Le juge compétent pour les contrats d’agence commerciale européens

06/2010

La Cour de Justice a précisé dans un arrêt du 11 mars 2010 comment doit être déterminé le juge compétent lorsqu’un contrat d’agence commerciale est exécuté dans différents Etats membres de l’Union européenne et que les parties n’ont pas prévu de clause attributive de compétence (valable). 

Les contrats d’agence sont souvent conclus pour différents pays, ce qui fait naître la question de savoir quel juge est compétent en cas de litige.  Pour l’Union européenne, le Règlement CE 44/2001 concernant la compétence judiciaire, la reconnaissance et l’exécution des décisions en matière civile et commerciale (le “Règlement Bruxelles I”) établit les règles qui permettent de déterminer le juge national compétent. 

L’article 5, 1, b, second tiret du Règlement Bruxelles I contient une disposition particulière en matière de contrats de fourniture de services, comme les contrats d’agence.  Il y est disposé que le juge du lieu d’un Etat membre où les services ont été  fournis en vertu du contrat, ou auraient dû être fournis, est compétent pour connaître d’éventuels litiges. 

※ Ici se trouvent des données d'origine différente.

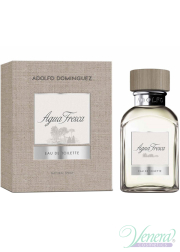 Adolfo Dominguez Agua Fresca EDT 120ml for Men Without Package Men's Fragrances without package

Dans un arrêt du 11 mars 2010, la Cour de Justice a confirmé que cet article trouve également à s’appliquer lorsque la fourniture de services eut lieu (ou aurait dû avoir lieu) non pas dans un, mais dans différents Etats membres.  Dans ce cas se pose cependant la question de savoir quel lieu doit être considéré comme le lieu où les services ont été fournis.  Il ressort en effet de la jurisprudence antérieure de la Cour de Justice que seul un juge peut être compétent sur base de l’article 5 du Règlement Bruxelles I. 

Dans l’arrêt du 11 mars 2010, la Cour de Justice a indiqué qu’il s’agit du juge du lieu où l’agent fournit principalement ses services.  Ce lieu doit être déduit dans la mesure du possible des dispositions du contrat lui-même.  A défaut de pareilles dispositions, il faut prendre en considération le lieu où l’agent a effectivement déployé, de manière prépondérante, ses activités.  La Cour affirme qu’on peut tenir compte du temps passé sur ces lieux et de l’importance des activités qui y ont été exercées.  Si de cette manière, il n’est pas encore possible de déterminer le lieu de la fourniture de services, l’agent est supposé avoir fourni principalement ses services à son domicile.